Problem statement: Write each line out exactly, from the one containing "Romero Parsons Nailhead Counter Stool" through the final line of the data, and keep pictures out of the copy.
START Raw data
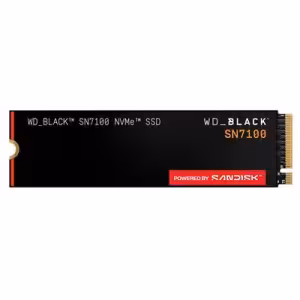 Western Digital Black SN7100 1TB NVMe PCIe Gen 4.0 M.2 SSD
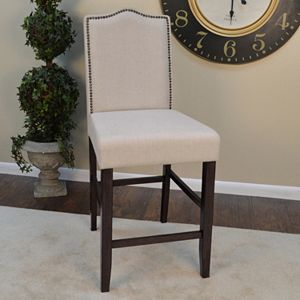 Romero Parsons Nailhead Counter Stool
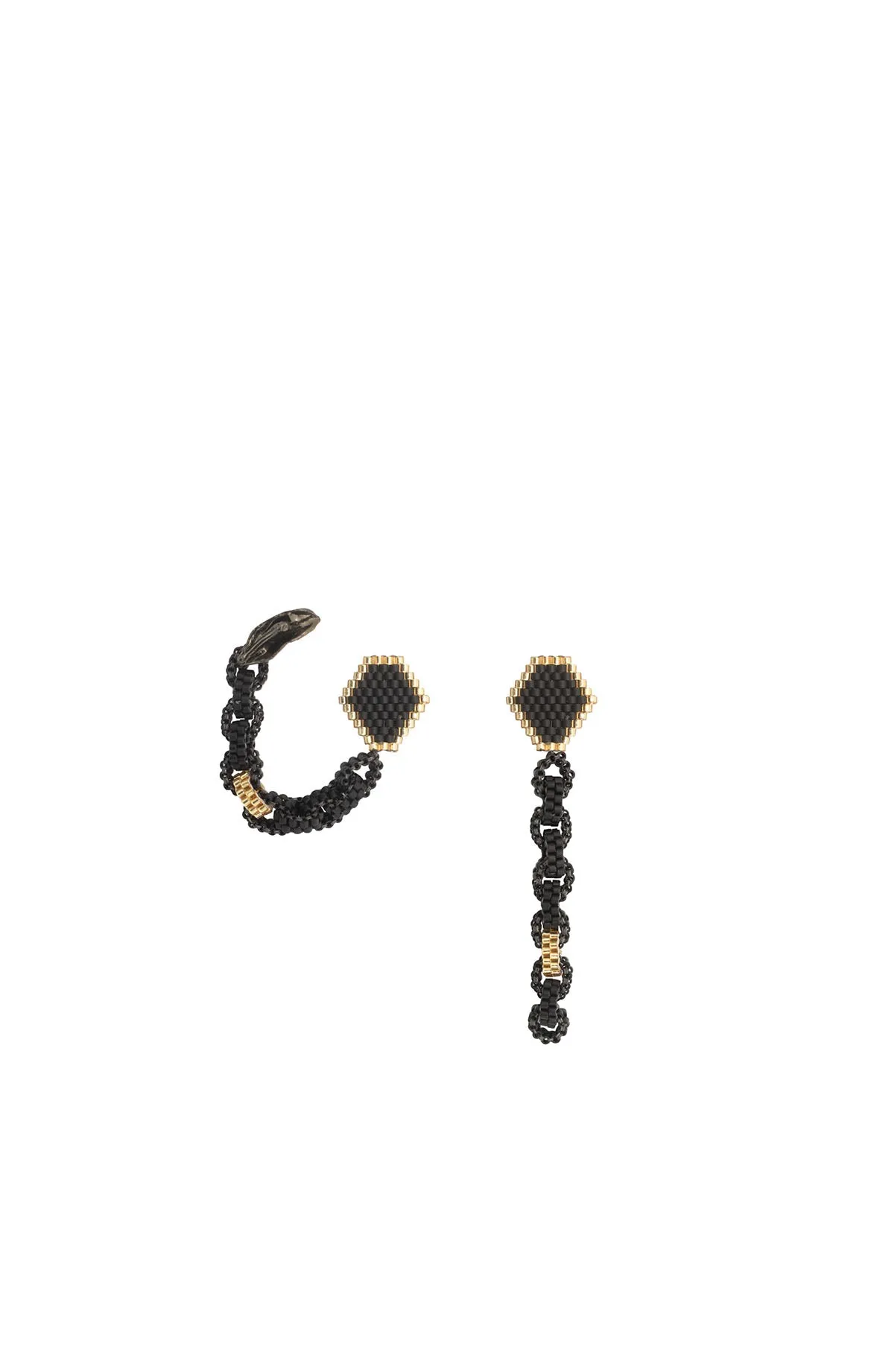 Earcuff Ojito Ojo sin Párpado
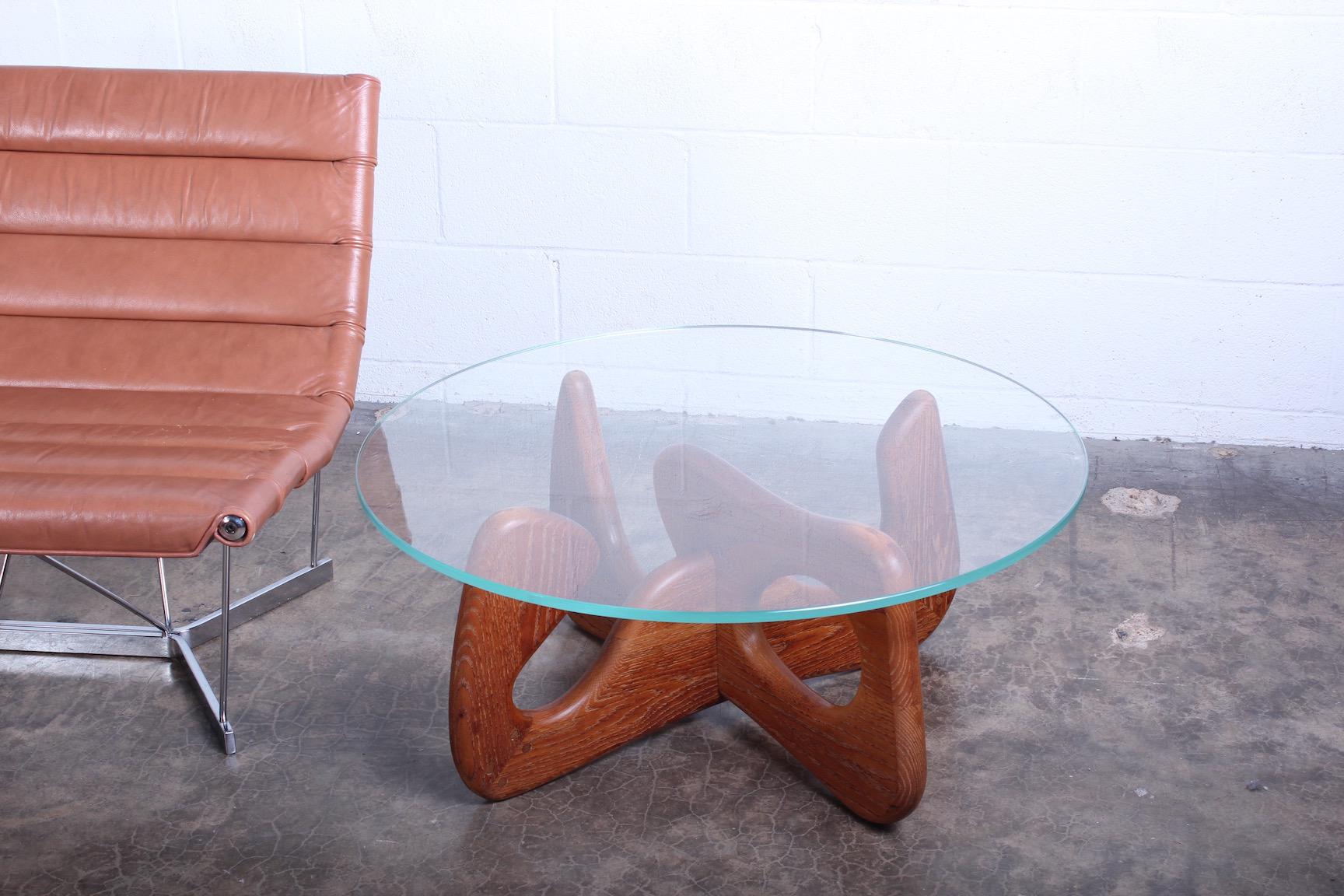 oak noguchi table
END Raw data
Task result:
 Romero Parsons Nailhead Counter Stool
 Earcuff Ojito Ojo sin Párpado
 oak noguchi table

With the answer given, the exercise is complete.